▸ **YOUR INSTRUCTIONS**:
Wherever a picture appears in the listing below, leave it out and reproduce the rest exactly.

▸ **DATA**:
________________________________________

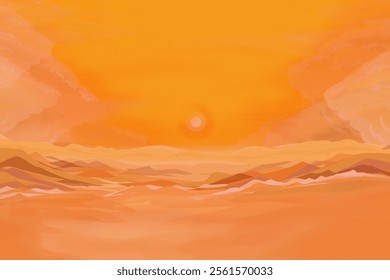 illustration of natural scenery of sunset in the desert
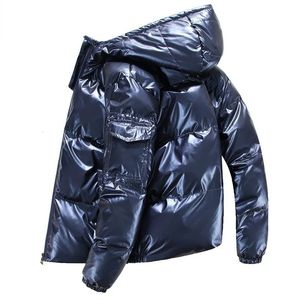 Piumino da uomo Parka invernale Giacca casual Abbigliamento spesso caldo in pelle PU antivento Moda Nero 231213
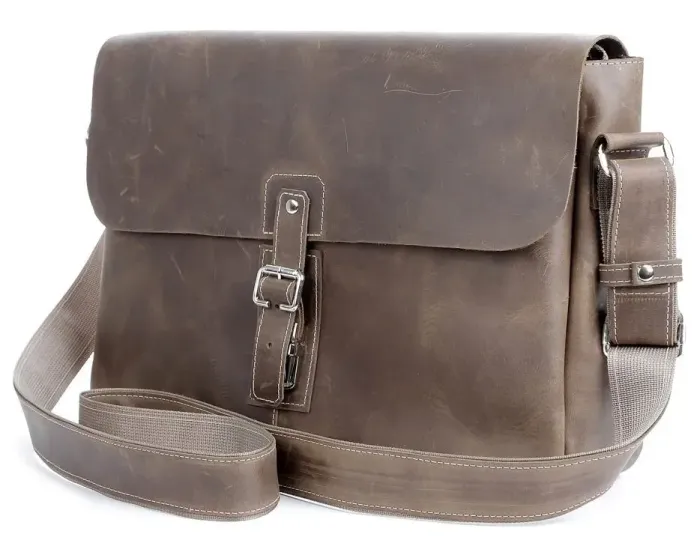 Сумка SHVIGEL 00980 із натуральної вінтажної шкіри Коричнева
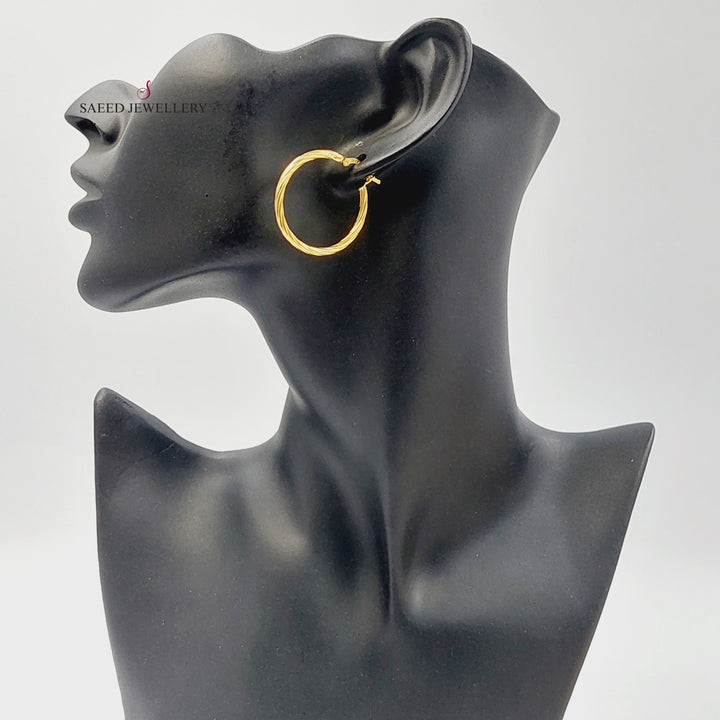 Hoop Earrings Made of 21K Gold by Saeed Jewelry 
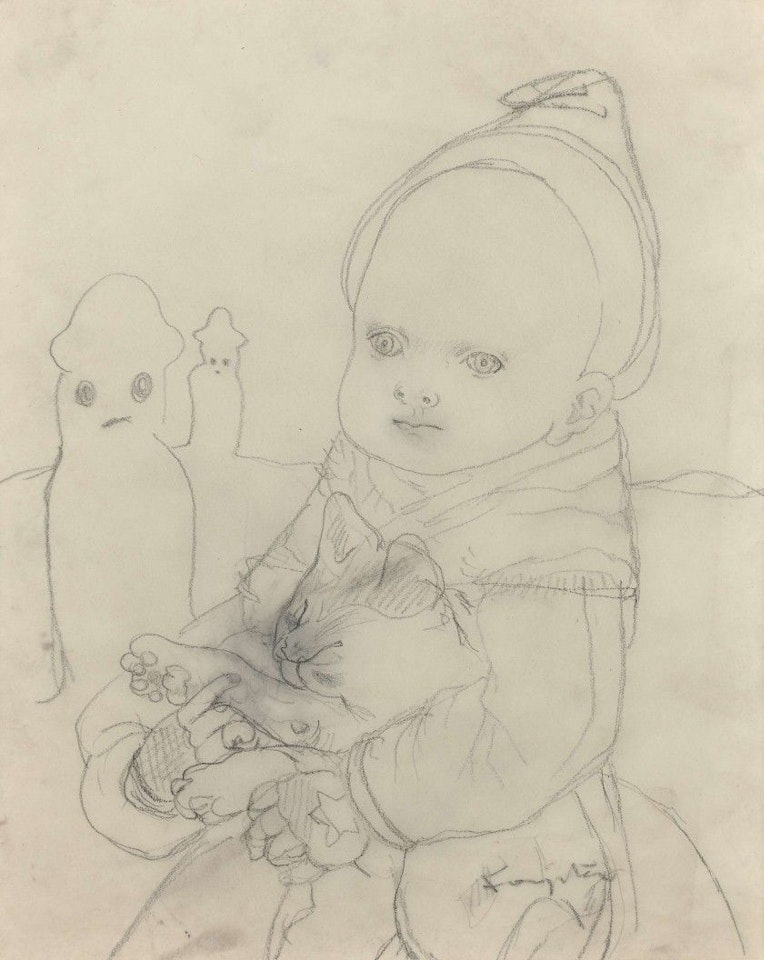 Little child and his cat near the snowmen by Leonard Tsuguharu Foujita
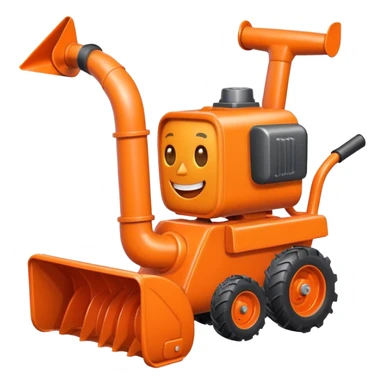 Happy Orange Snowblower cartoon character  sticker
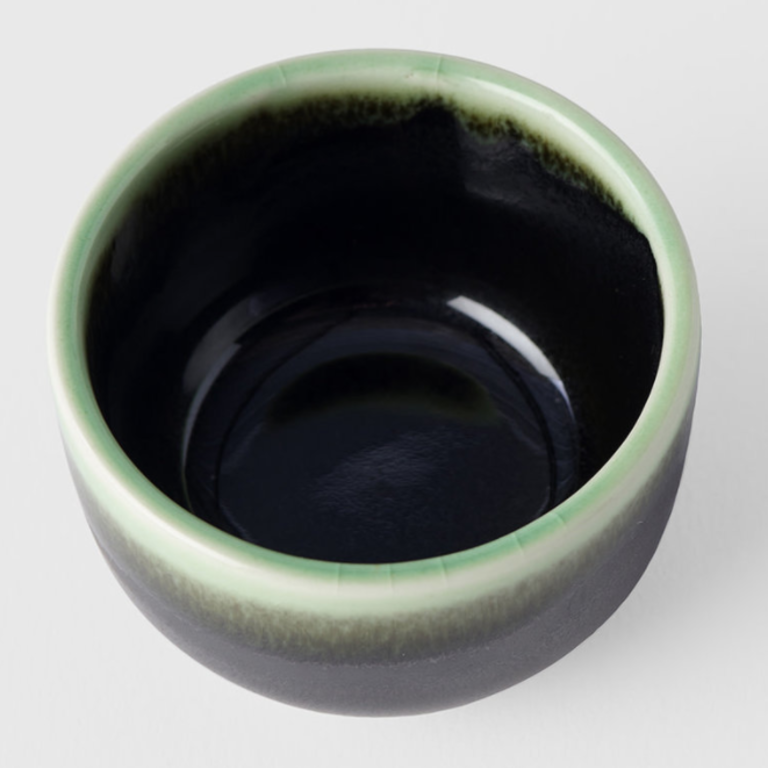 Sake cup black with bright green drip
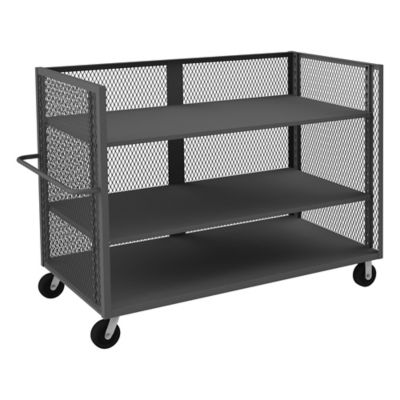 Durham MFG 2,000 lb. Capacity 3 Sided Mesh Truck, 36 in. x 72 in., 2 Adjustable Shelves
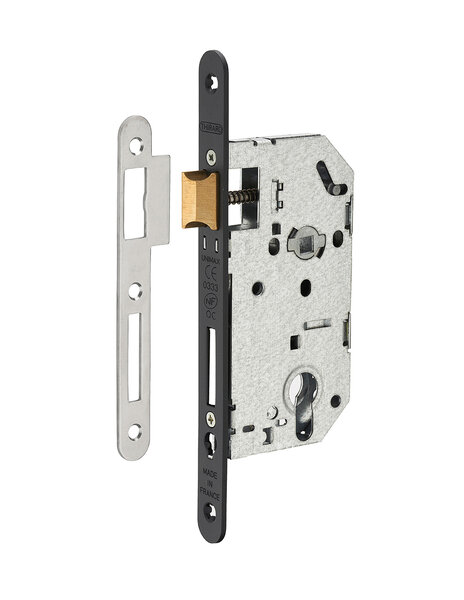 THIRARD - Serrure encastrable Unimax CE NF QC à cylindre pour porte d'entrée  axe50mm  bouts ronds  têtière noire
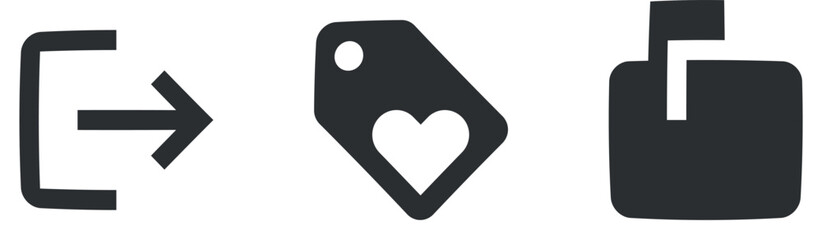 Set of 3 icons Actions. Vector illustration of thin line icons. Set Quality icon. Linear icons set. Thin filled icons pack. Vector illustration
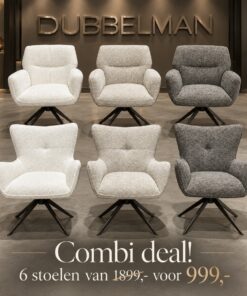 set van 6 eetkamerstoelen Dubbelman Design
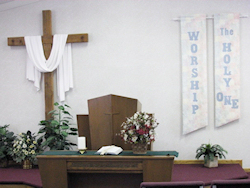 the pulpit at Grace Baptist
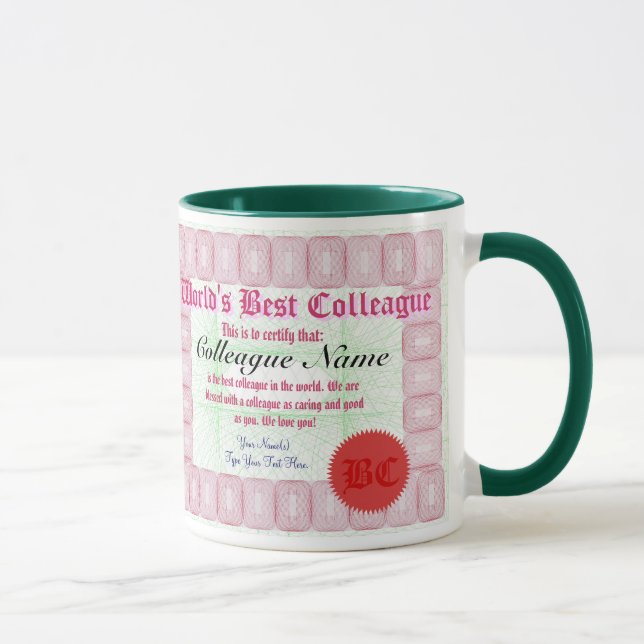 World's Best Colleague Certificate Award Mug (Right)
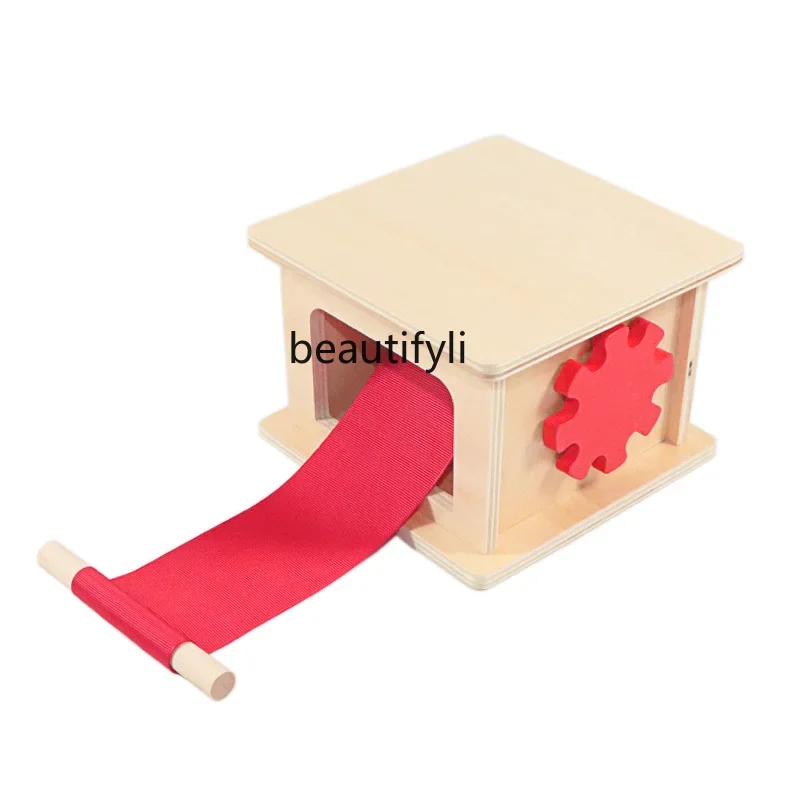 Wooden winder children's early education educational toys baby pull winding casual game box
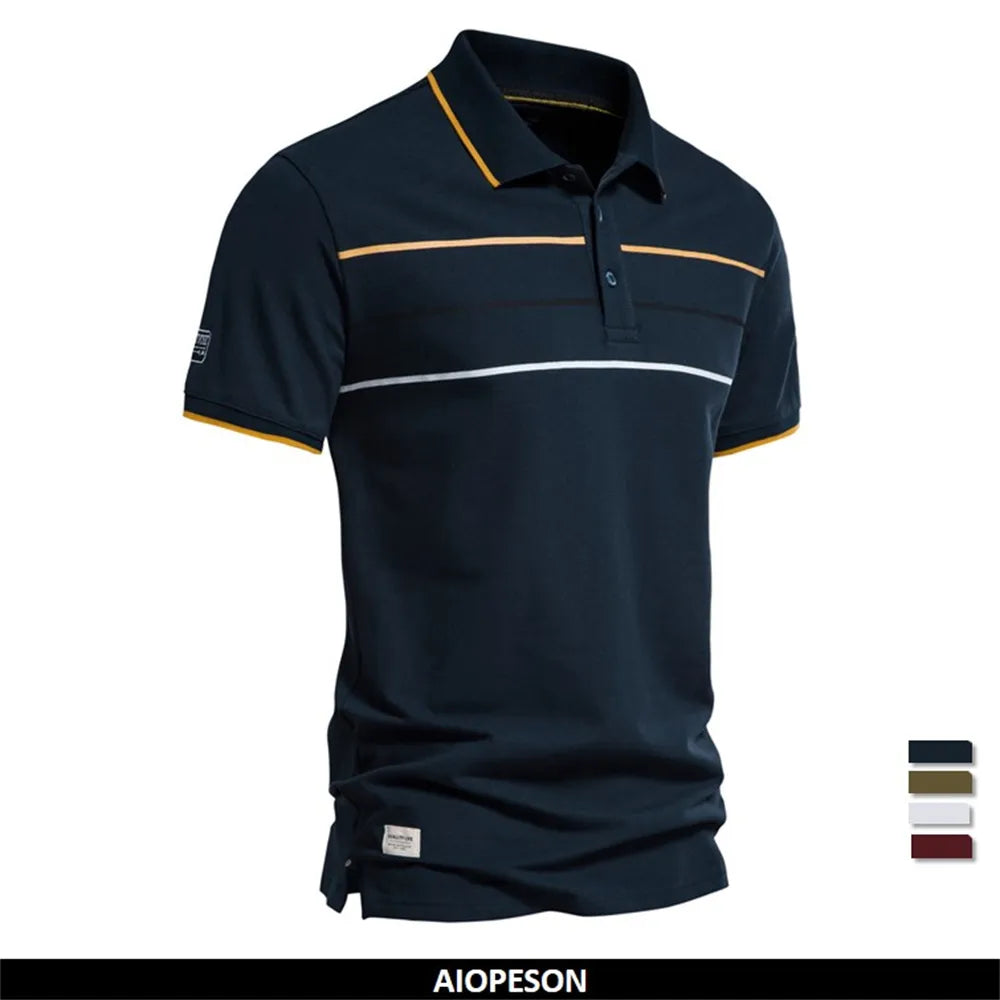 AIOPESON Men's Polo Shirts Sleeve Striped Contrast Men Brand High Qualit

________________________________________

▸ **REPLY TO THE EXERCISE**:
 illustration of natural scenery of sunset in the desert
 Piumino da uomo Parka invernale Giacca casual Abbigliamento spesso caldo in pelle PU antivento Moda Nero 231213
 Сумка SHVIGEL 00980 із натуральної вінтажної шкіри Коричнева
 Hoop Earrings Made of 21K Gold by Saeed Jewelry 
 Little child and his cat near the snowmen by Leonard Tsuguharu Foujita
 Happy Orange Snowblower cartoon character  sticker
 Sake cup black with bright green drip
 Durham MFG 2,000 lb. Capacity 3 Sided Mesh Truck, 36 in. x 72 in., 2 Adjustable Shelves
 THIRARD - Serrure encastrable Unimax CE NF QC à cylindre pour porte d'entrée  axe50mm  bouts ronds  têtière noire
 Set of 3 icons Actions. Vector illustration of thin line icons. Set Quality icon. Linear icons set. Thin filled icons pack. Vector illustration
 set van 6 eetkamerstoelen Dubbelman Design
 the pulpit at Grace Baptist
 World's Best Colleague Certificate Award Mug (Right)
 Wooden winder children's early education educational toys baby pull winding casual game box
 AIOPESON Men's Polo Shirts Sleeve Striped Contrast Men Brand High Qualit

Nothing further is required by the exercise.